Zur Zeit der Reformation kam es noch einmal zu einem großen Bilderstreit im Christentum, in dessen Verlauf vor allem in Mitteleuropa Bilder zerstört und Statuen zertrümmert wurden.
In einer Gegenüberstellung zeigte das Museum Rietberg die „Zerstörung der Idole der Kaʿba“ aus einer persischen Schrift (1567), und die auf Holz gemalte Szene „Der hl. Nikolaus treibt Dämonen aus und zerschlägt Götterbilder“ (Russland, zweites Viertel 19. Jahrhundert). Die persische Buchillustration zeigt Mohammed mit Flammenaura und Gesichtsschleier, wie er eine tönerne Götzenfigur zerschlägt, wobei dieser eine schwarze Teufelsfigur entspringt.
Bilderverbote hat es also in islamischen und in christlichen Kulturen gegeben. Die Zürcher Ausstellung legte den Fokus auf die Frage, wie Künstler, Auftraggeber und Kunstsammler mit den jeweiligen Verboten von figürlichen Darstellung umgingen. Dies betraf die Abbildung von Lebewesen allgemein, von Menschen und insbesondere des Propheten Muhammad oder von Jesus Christus.
Nur der kopflose Sultan darf gezeigt werden
Die Schau zeichnete nach, welche Strategien Islam und Christentum im Verlauf der Jahrhunderte entwickelten, um trotz des Bilderverbots die visuellen Künste zu fördern. Mohammed wurde in den meisten Darstellungen mit einem Schleier maskiert. Andere Figuren wurden quasi „geköpft“ um sie darstellen zu können, etwa, in dem man die Köpfe mit feinen Linien symbolisch vom Hals trennte, wie in einer persischen Buchillustration im Museum Rietberg zu sehen war.
Und bei den Sultanporträts in einem Exemplar des „Tercüme-i miftāḥ-ı cifrüʾl-cāmiʿ“ sind die Köpfe gar durch Rosenblüten ersetzt worden, weil damit dem religiösen Dogma, keine „lebensfähige Wesen“ abzubilden, Genüge getan war.
Im Zentrum der Zürcher Ausstellung stand die Zeitspanne zwischen dem 6. und 16. Jahrhundert. In dieser Zeit wurde die Bilderfrage ausführlich von Theologen erörtert. Die 136 mehrheitlich aus Persien und dem Osmanischen Reich stammenden Werke der Ausstellung deckten einen weiten geografischen Raum ab, der vom lateinischen Westeuropa über den östlichen Mittelmeerraum und Westasien bis nach Südasien reicht.

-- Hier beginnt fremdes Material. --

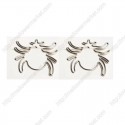 Insect Paper Clips | Spider Paper Clips | Cute Gifts (1 dozen/lot)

Ausstellungen wie diese haben es schwerer als solche, die mit Künstlerstars und großen Namen aufwarten können. Schade eigentlich, denn „Im Namen des Bildes – Das Bild zwischen Kult und Verbot in Islam und Christentum“ verdeutlicht u.a. die langen Traditionslinien der Auseinandersetzungen ums Bild. Und der Kampf ums Bild ist in unserer visuell geprägten Gegenwart stärker denn je auch ein Kampf um die Köpfe.
Die Ausstellung ist noch bis zum 22. Mai 2022 zu sehen.